Глинский хотел уже идти, но все еще стоял пред милым ему изображением, как Дюбуа вошел в комнату и застал его перед портретом, со сложенными руками и пылающим взором. Дюбуа остановился, на лице его изобразилось какое-то меланхолическое чувство. Глинский, совестясь, что его подстерегли, подошел с опущенными глазами к нему, взял его за руку, и оба не могли выговорить ни слова, оба были в замешательстве, но в эту минуту вбежала Габриель с нянькою и ласками своими развлекала их обоих. Малютка взяла их за руки, лепетала, показывала свое новое платье, подвела к портрету матери, просила, чтоб ее подняли поцеловать у нее руку, заставляла Глинского и Дюбуа сделать то же и побежала к маменьке спрашивать, почему они не хотят целовать у ней ручки?
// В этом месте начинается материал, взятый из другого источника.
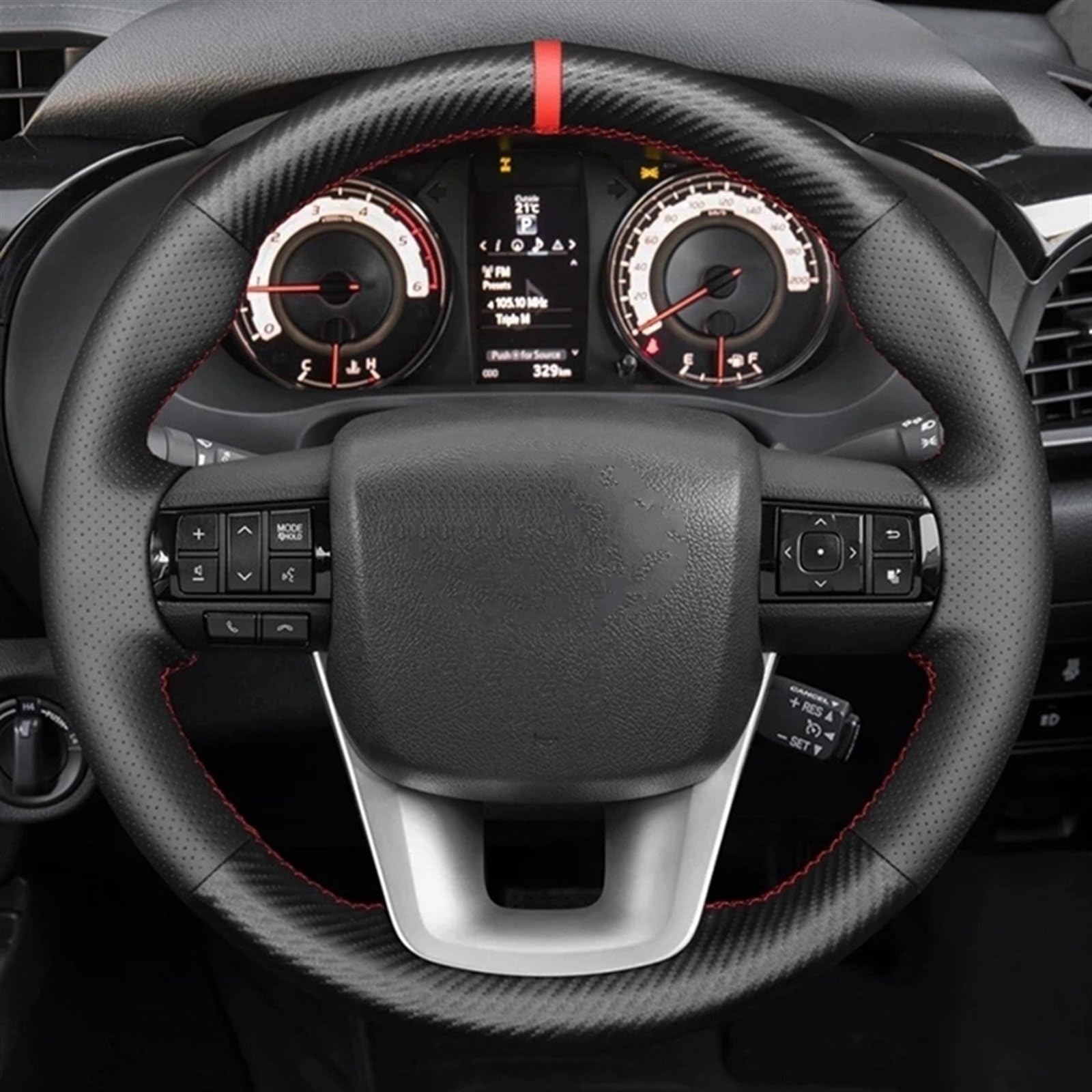 ROANNY Breathable Black Carbon Fiber Leather Hand-stitched Car Steering Wheel Cover For Toyota For Fortuner 2016-2019 For Hilux 2015-2019 (Color : 3-Blue)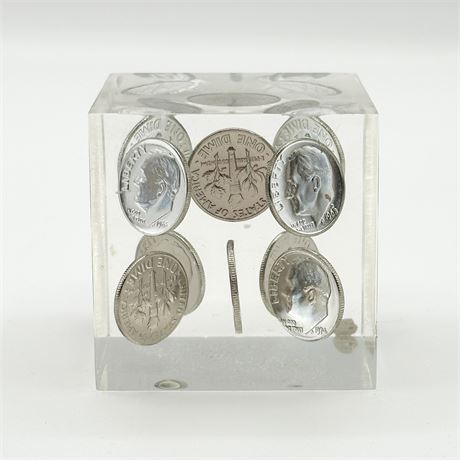 Vintage Lucite Paperweight with Floating Dimes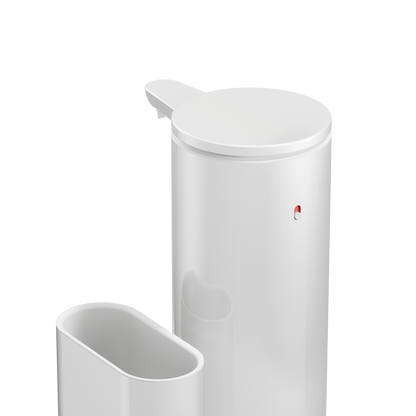Detail view of Simplehuman White 14 oz Sensor Pump + Caddy, highlighting the touch-free sensor and indicator light.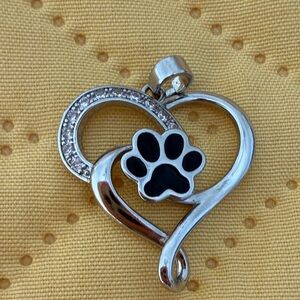 Silver plated Heart and Paw Pendant Necklace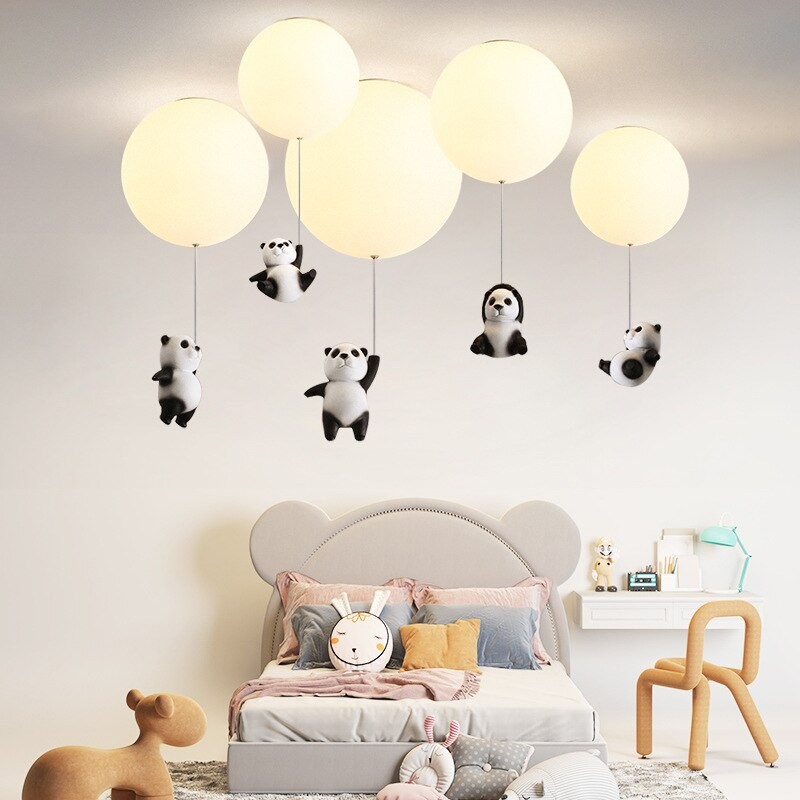 Panda Bedroom Pendant Lights Children'S Room Balloon Cartoon Hanging Lamps For Ceiling Aisle Living Room Nursery Chandelier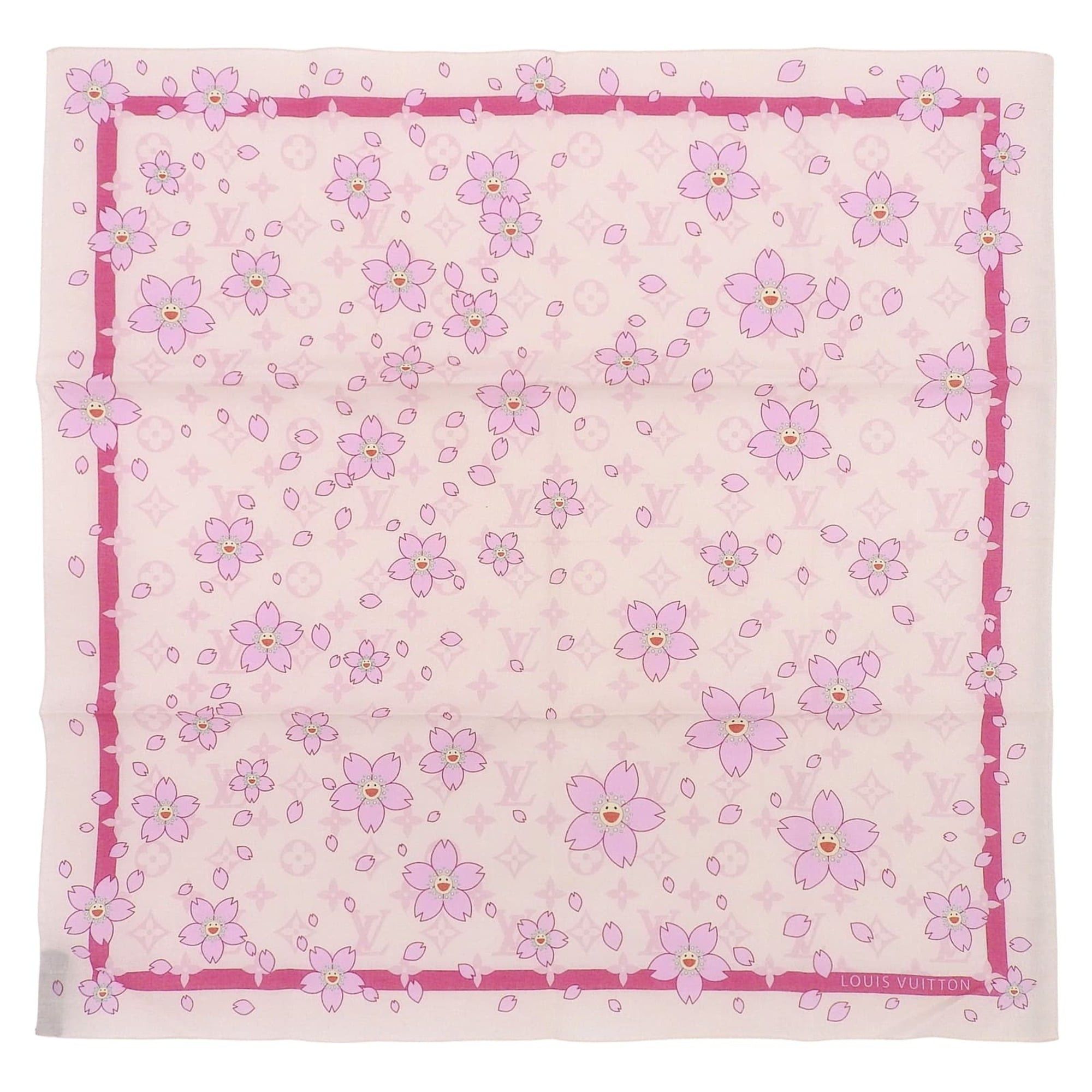 Louis Vuitton Murakami Louis Vuitton Takashi Murakami 100% Cotton Monogram Cherry Blossom Scarf/Muffler/Handkerchief Pink Made In Italy Women's, Women's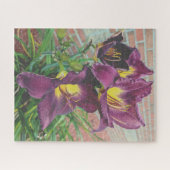 Pretty Purple Burgundy Day Lilies ジグソーパズル (横)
– Куда вы намерены идти? – спросил Дюбуа Глинского, который, поклонясь, хотел отправиться.
– В улицу С. Дени, – отвечал тот.
– Я иду туда же, и ежели вам не скучно мое сообщество, то эта дальняя дорога нам будет короче, если пойдем вместе.
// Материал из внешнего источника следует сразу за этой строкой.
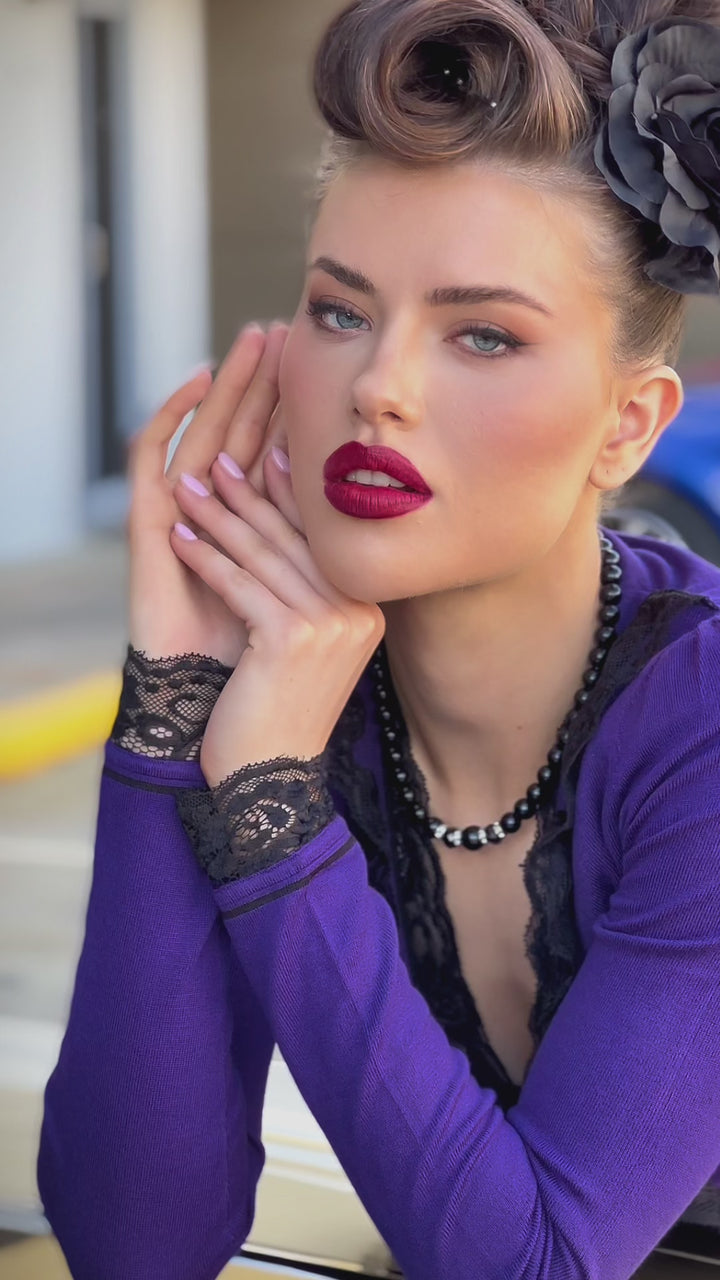 Virtuoso Long Sleeve Cardigan (Purple)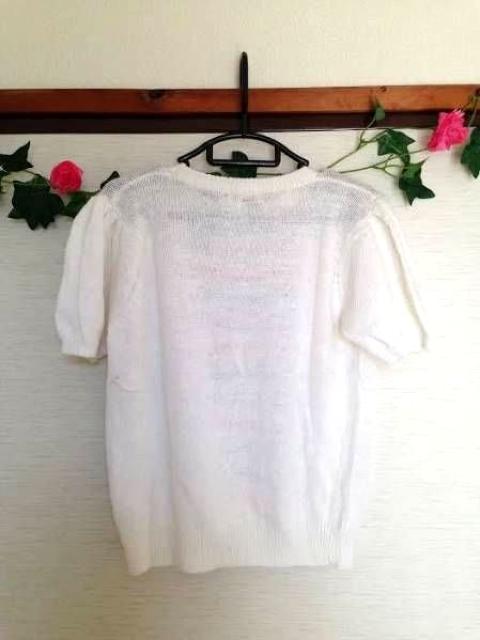 定価9720円◆麻 コットン 半袖 ニット ホワイト 白 M < 女性ファッション  定価9720円◆麻 コットン 半袖 ニット ホワイト 白 M < 女性ファッションの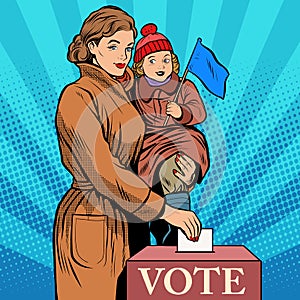 Mother and child women vote in elections photo
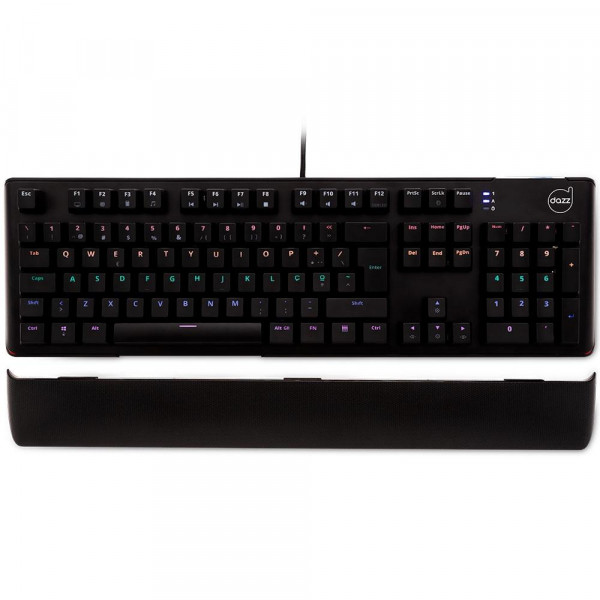 TECLADO MECÂNICO GAMER DAZZ PREDATOR, RGB, SWITCH LC OPTICAL, ABNT2, PRETO - 625309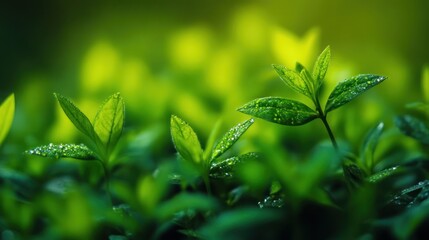 Obraz premium Fresh sprouts glistening with morning dew in a vibrant green meadow landscape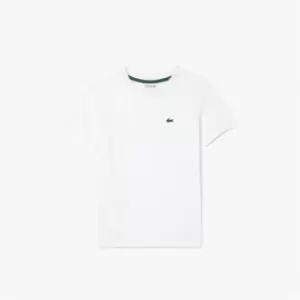 LACOSTE Boys Logo Crew Neck T Shirt - White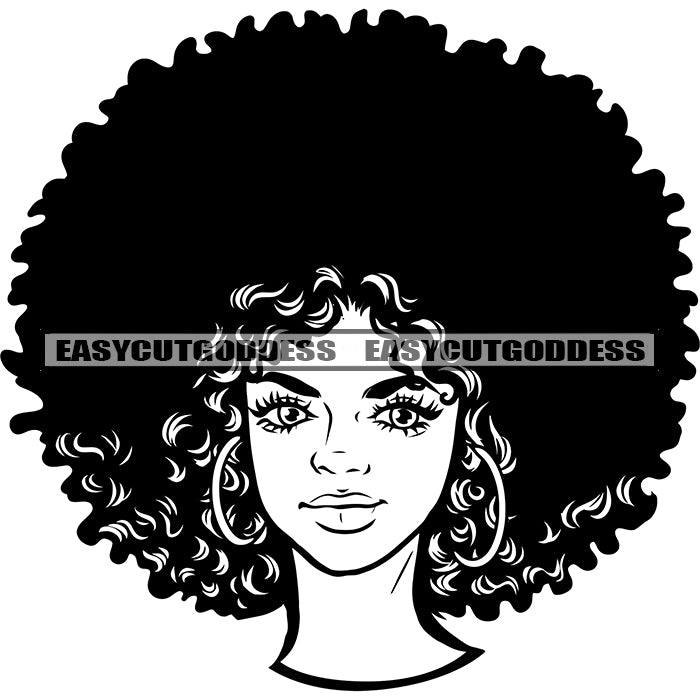 Black And White African American Woman Head Design Element Wearing Hoo ...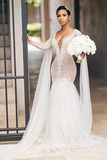 Promfast Sparkly Long Sleeves Wedding Dresses Romantic Beading Mermaid Bridal Gown Wedding Gown PFW0550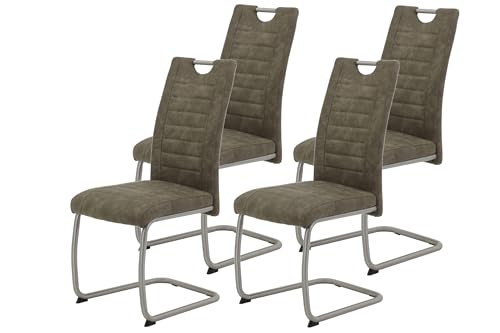 Hela Tische, 4er Set Esszimmerstuhl Ulla, Bezug Microfaser Vintage-Optik Schlamm, Metallgest. Rundrohr Edelstahl (echt) Hela Tische, 4er Set Esszimmerstuhl Ulla, Bezug Microfaser Vintage-Optik Schlamm, Metallgest. Rundrohr Edelstahl (echt)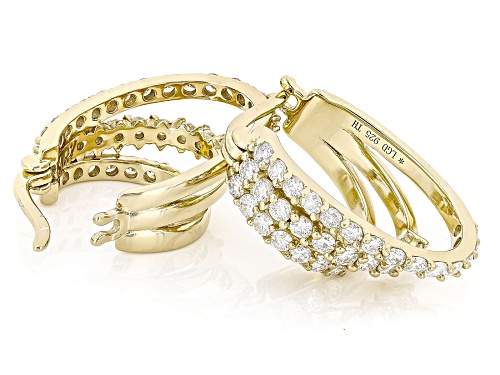 Prazana® Lab-Grown Diamonds 1.45ctw White Diamond 14K Yellow Gold Over Silver Hoop Earrings, H SI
Они пошли. Глинский не говорил ни слова, сердце было его полно: он хранил там образ Эмилии и любовь к ней; это было его сокровище: но он не мог пользоваться один богатством, ему хотелось разделить свою тайну. Он был дружен с Шабанем, но ветренность его и легкие понятия о любви всегда удерживали Глинского от доверенности. Мы любим говорить о первой любви нашей, пока это не сдедалось еще нескромностью, но Глинский хотел, чтоб и тот, кому он доверится, принял бы его тайну как святыню. Давно он искал дружбы Дюбуа и, несмотря на его угрюмую наружность, разгадал, что под нею скрывается горячее сердце, которое может понять его чувства. Теперь он обдумывал, каким бы образом приступить к этому, тем более, что Дюбуа часто заставал его перед портретом графини и теперешнее замешательство могло дать ему большое подозрение.
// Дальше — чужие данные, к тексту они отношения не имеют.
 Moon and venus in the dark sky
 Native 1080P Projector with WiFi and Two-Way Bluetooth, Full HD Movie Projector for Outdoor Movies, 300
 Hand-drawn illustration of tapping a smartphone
– Я всегда отдыхаю чувствами, когда вижу детей, – начал Дюбуа, как бы относя слова свои к Габриели. – Как прелестны их телодвижения, как милы даже гримасы, с каким радостным чувством иногда прижимаю к груди своей младенца, как весело гляжу за его резвостью, как люблю наблюдать за всеми развитиями его способностей. Но когда приходит на мысль, что судьба отказала мне в счастии семейной жизни, когда вспомню, что никакое существо на свете в детском лепете своем не назовет меня отцом, глаза мои невольно отвращаются, и вместо радостного чувства заступает какая-то зависть. Как больны бывают мне иногда материнские похвалы своему ребенку! Но я все люблю детей, потому что они одни отвечают мне тем же.
– Одни дети, – возразил Глинский, – может быть, вы сами не хотите, чтобы к вам приближались люди: потому что тот, кто узнает вас, не может отказать в уважении, а если бы вы пожелали, и в дружбе.
– Дружбе? говорите вы, – сказал Дюбуа, вздохнув, и в то же время усмешка показалась на губах его, но выражение этой усмешки было так печально, что она, конечно, была для него болезненнее вздоха. – Дружбы? – повторил он, – я сорок лет искал друга – и не нашел. Один, с кем я сближался короче других, был граф де Серваль, и тот похищен от меня завистливою судьбою!
Пламенный Глинский схватил руку своего спутника.